PROVIDED DATA:
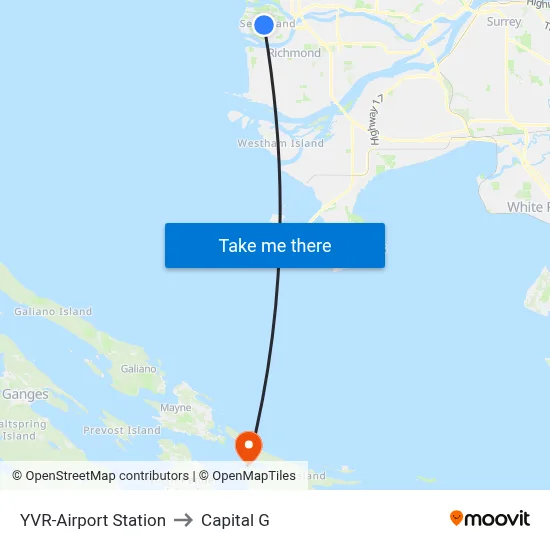 YVR-Airport Station to Capital G map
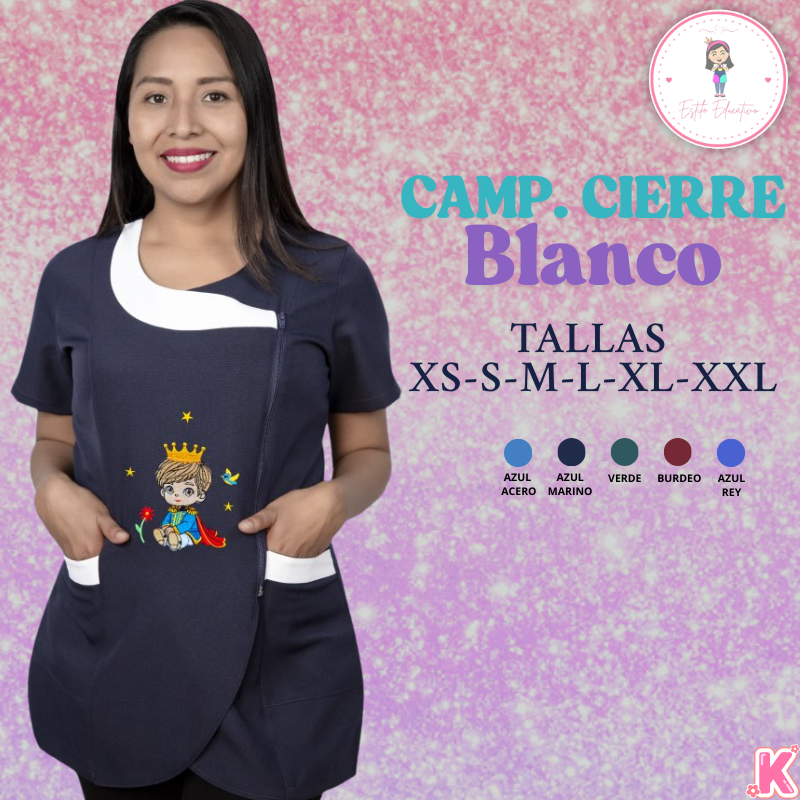 Delantal Camp. Cierre Blanco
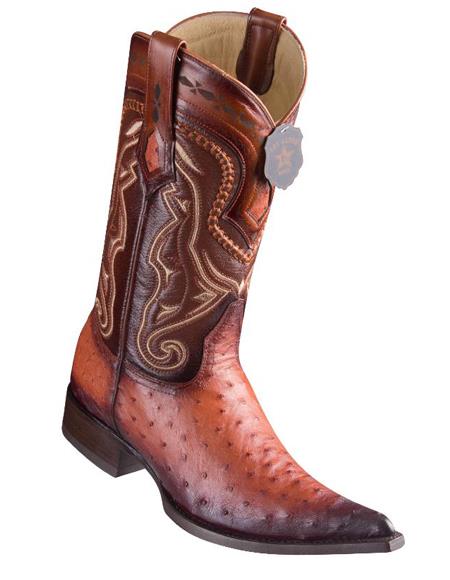 Los Altos Boots Ostrich Faded Cognac Pointed Toe Cowboy Boots - Botas De Avestruz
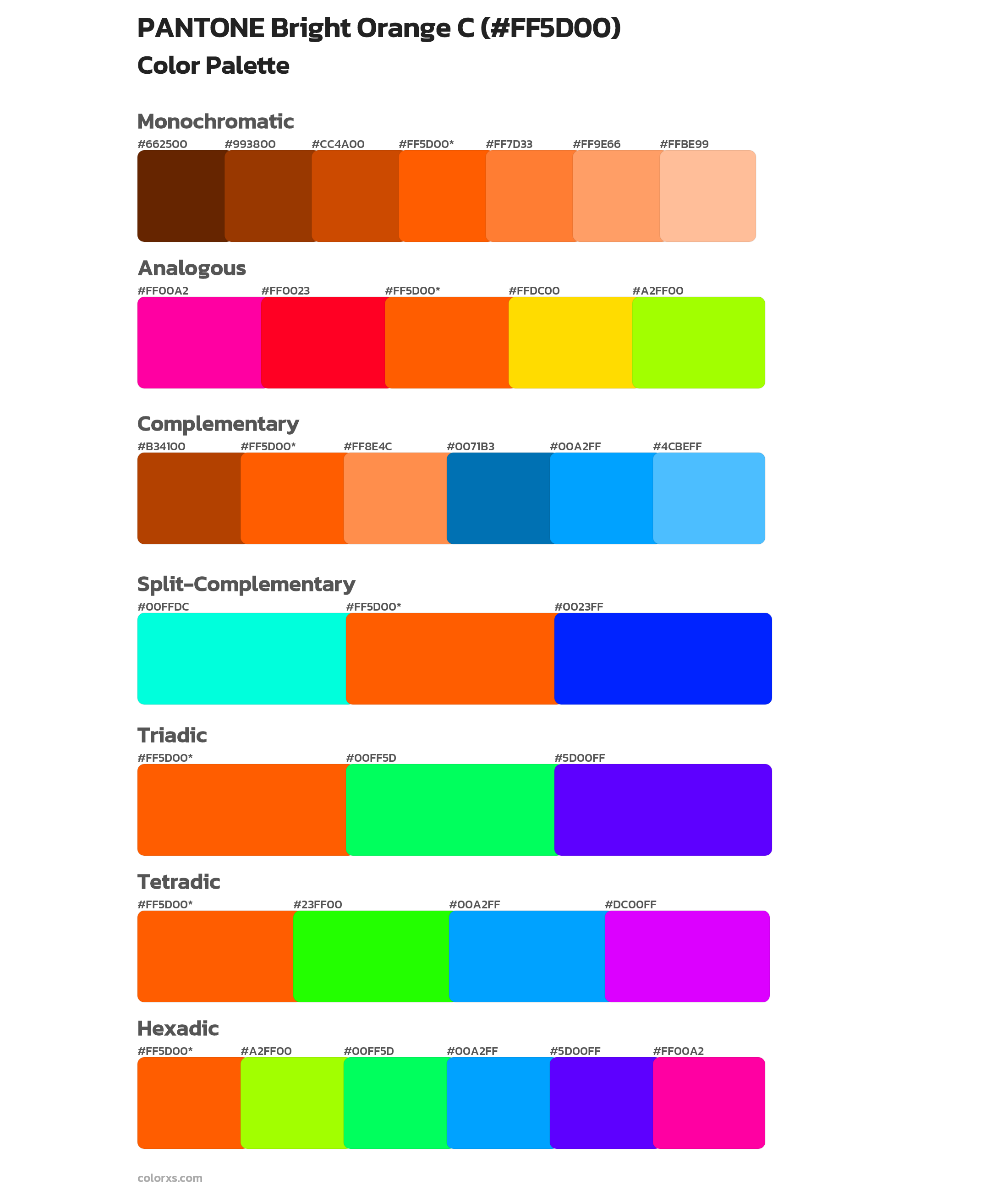 PANTONE Bright Orange C Color Scheme Palettes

YOUR GOAL: Locate the line containing "Los Altos Boots" in the material above, then repeat it and every later line exactly, with no pictures.

RESULT OF THIS EXERCISE:
 Los Altos Boots Ostrich Faded Cognac Pointed Toe Cowboy Boots - Botas De Avestruz
 PANTONE Bright Orange C Color Scheme Palettes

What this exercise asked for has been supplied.